··· Source records

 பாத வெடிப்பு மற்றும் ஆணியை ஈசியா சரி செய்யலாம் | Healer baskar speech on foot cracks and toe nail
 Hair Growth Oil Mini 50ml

······
··· Source records

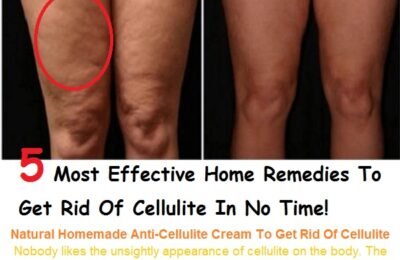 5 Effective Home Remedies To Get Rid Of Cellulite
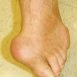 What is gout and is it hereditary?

······

- **What you are asked to do**:
Pictures aside, print exactly the lines above starting with the one containing "5 Effective Home" and going on through the one containing "What is gout and is it hereditary?".

- **Output**:
 5 Effective Home Remedies To Get Rid Of Cellulite
 What is gout and is it hereditary?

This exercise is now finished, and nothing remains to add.